If you’ve been driving the Ozark Trail Customer Service recently, you might have noticed that it’s a little rough around the edges. The asphalt is worn, and there are potholes. It’s a reminder that this is a highway that was built in the early 1920s. But the trail is still a great place to hike. The scenic vistas and unique rock formations make for a fascinating landscape that will capture the attention of any outdoor lover.
The Ozark Trail (OT) deserves more attention than it tends to get. Brimming with rocky streams, dolomite glades, plunge-pool-filled shut-ins and hidden caves, this trail is one of the most geographically unique hiking experiences anywhere in the United States.

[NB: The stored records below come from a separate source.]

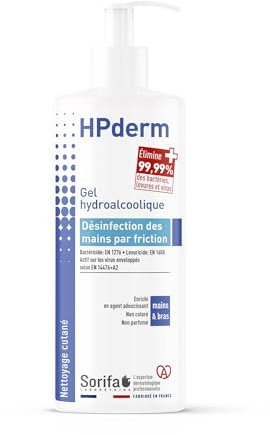 HPderm Gel hydroalcoolique pour la désinfection des mains - Flacon pompe 500 ml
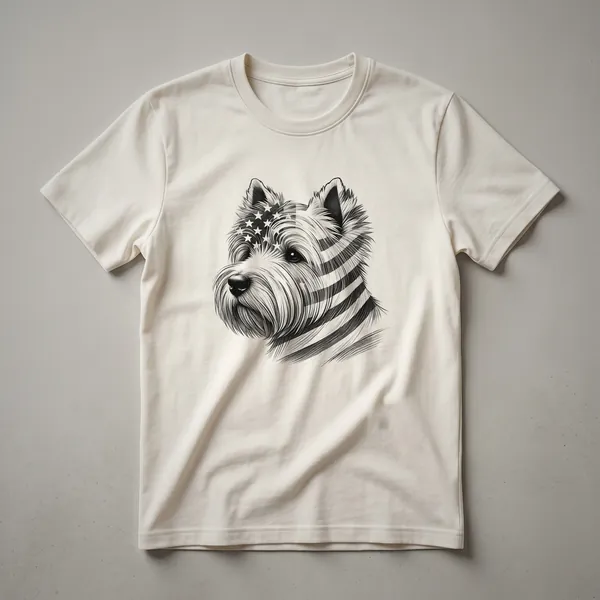 White t-shirt featuring a West Highland White Terrier dog wearing sunglasses with an American flag design.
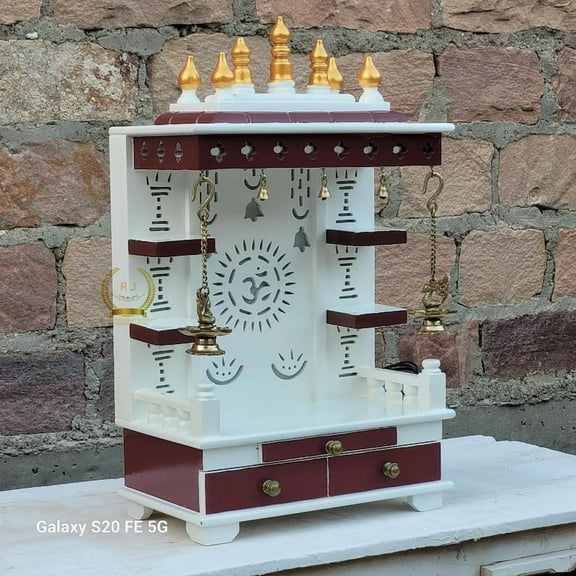 Wooden Temple for Home Pooja Mandir Handcrafted Pooja Mandir Beautiful Hanging Bells with LED Lights White   Dark red Finished Pooja Temple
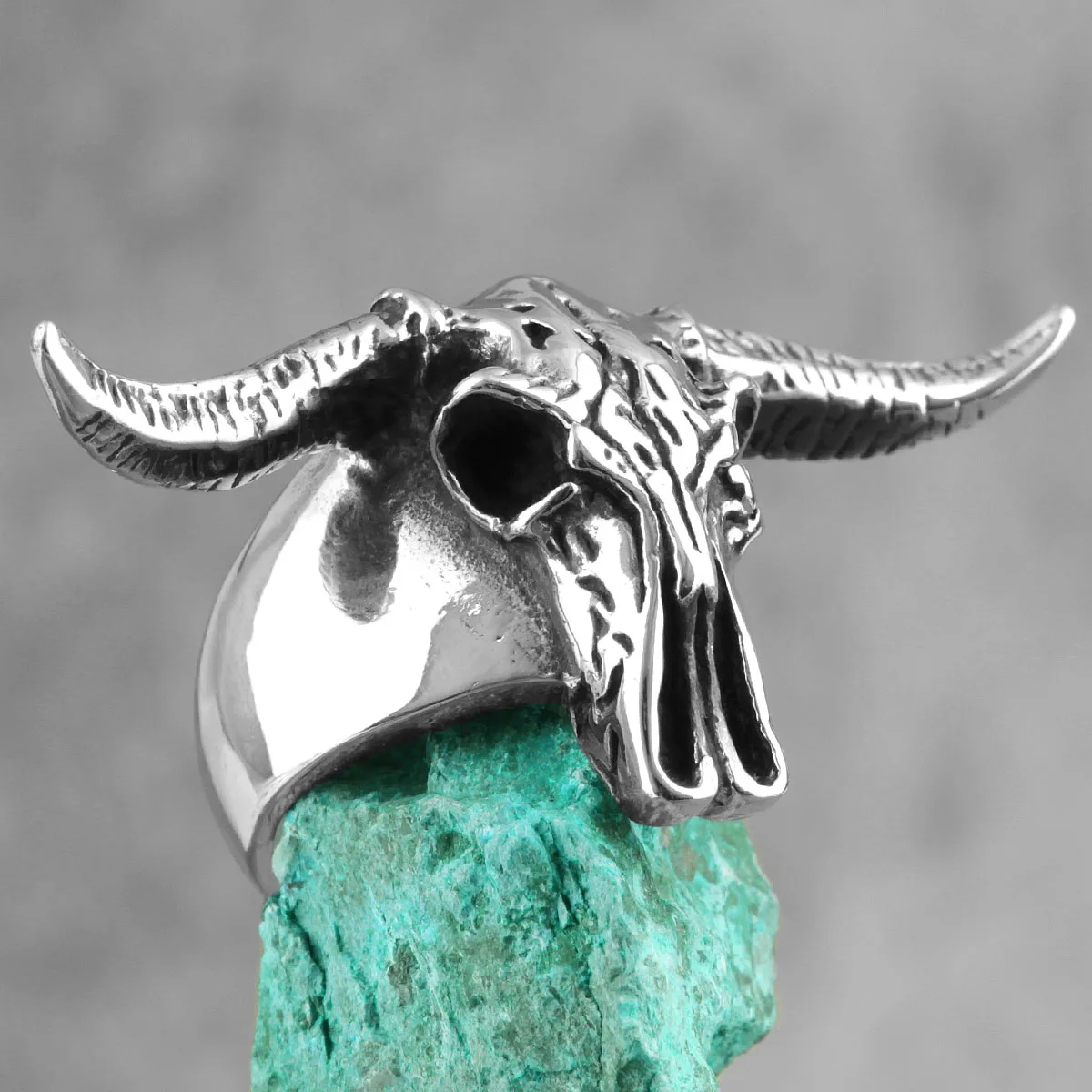 Satan Ram Aries Sheep Skull Stainless Steel Mens Rings Punk Vintage For Male Boyfriend Biker Jewelry Creativity Gift Wholesale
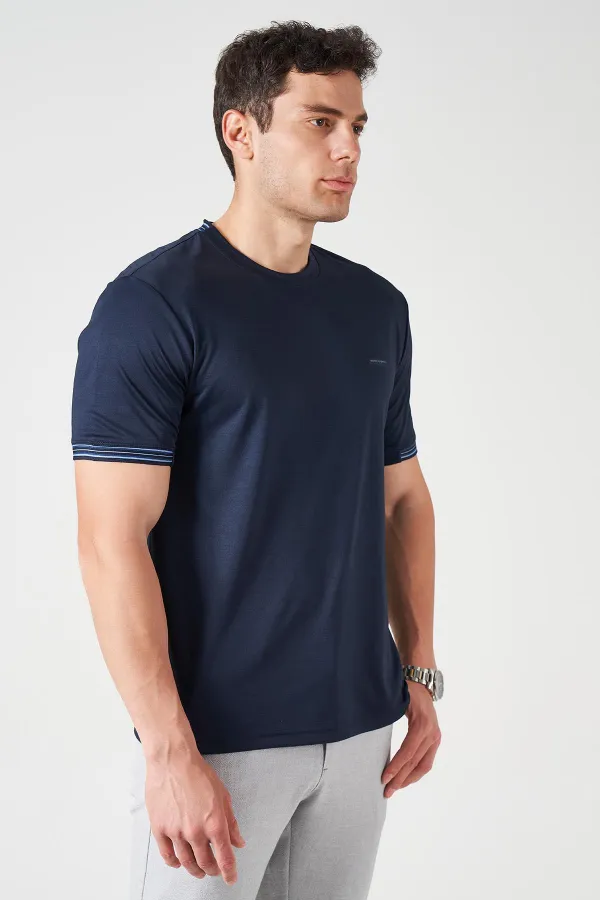 Erkek Lacivert Bisiklet Yaka Kol Yaka Şeritli Kagi Kumaş Tişört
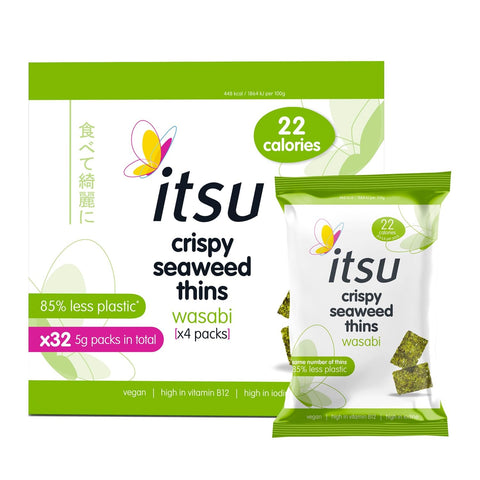 Itsu Wasabi Flavour Seaweed Thins | Crispy Seaweed Thins | 5 g (Pack Of 18) | Vegan, Low Calorie, Healthy Snack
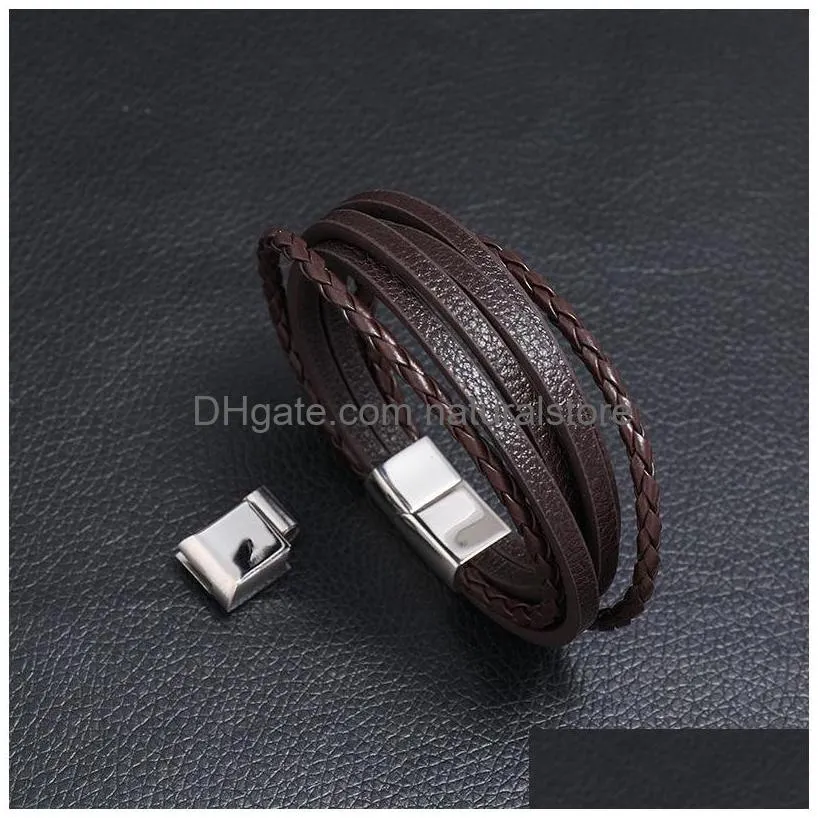 retro leather multi layer wrap bracelet stainless steel buckle bracelets fashion mens bangle cuff wristband jewelry will and sandy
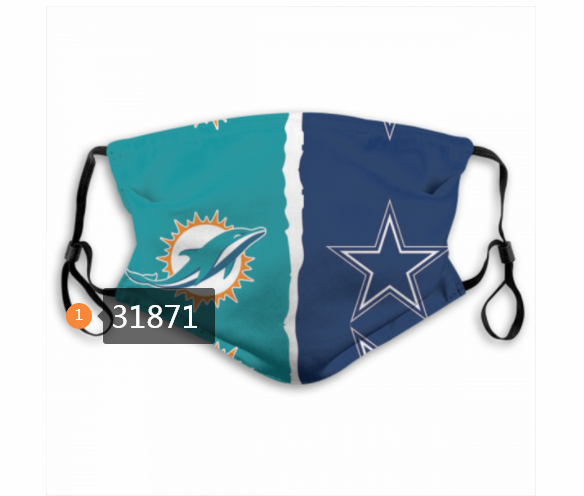 NFL Miami Dolphins 812020 Dust mask with filter->nfl dust mask->Sports Accessory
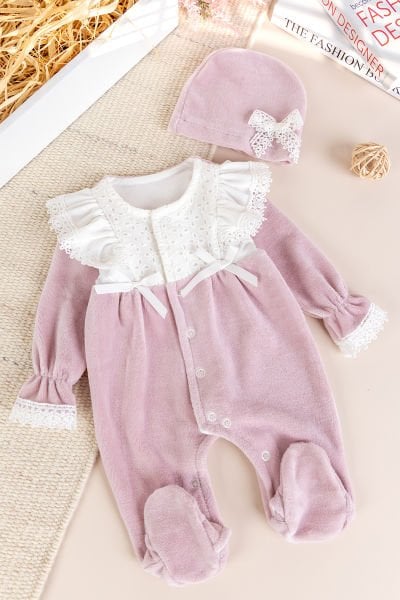 Fiyonklu Kadife Kışlık Kız Bebek Tulum Set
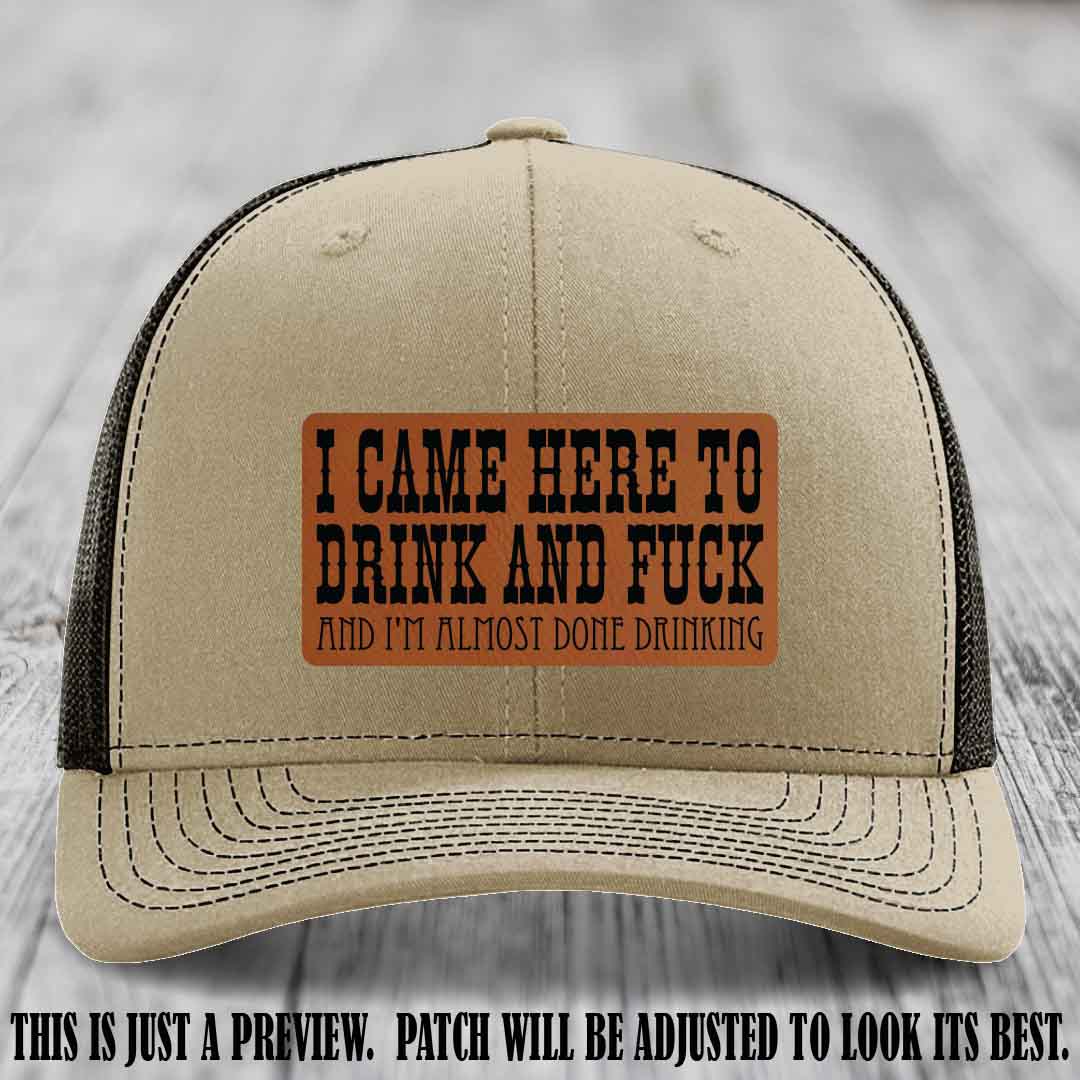 Rawhide to Black Patch on Khaki to Coffee Hat - Funny Drink and F*ck Richardson 112 Hat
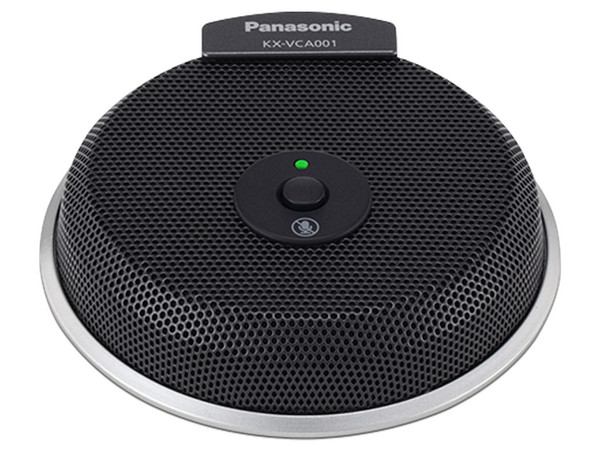 Micrófono Digital KX-VCA001NA Panasonic, para videoconferencia, incluye cable de 8.5m, compatible con VC1300/VC1600. Color Negro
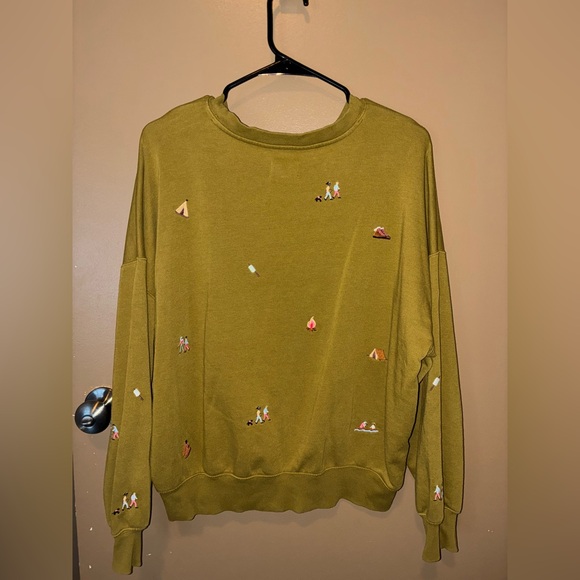 Lou & Grey Olive Embroidered Camping theme Crew Neck Sweater - Picture 2 of 5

But the OT is more than just a collection of hiking trails. The OT has a rich and unique history, and the people who have made it what it is today are what set it apart from other state trails. The OT was first organized in 1913 as the Ozark Trails Association, and it was a public-spirited good roads organization. Its members came from all over the country and met at annual meetings in Texas, New Mexico, Oklahoma, Arkansas, Kansas and Missouri to promote tourism, improve road conditions and advocate for better highways.
Unlike the National Scenic Trail System, the Ozark Trail did not receive its funding from an act of Congress and was not managed by a single entity. Instead, seven governmental agencies, as well as one private landowner and several environmental groups formed the Ozark Trail Council. They each agreed to manage the trail segments that crossed their respective lands.
The OT is a series of trails that stretch from St. Louis to El Paso over a variety of routes. Many of these trails were once part of the United States Highway system and were later transferred to the local governments to maintain. But the OT also includes old traces that were never converted to highways.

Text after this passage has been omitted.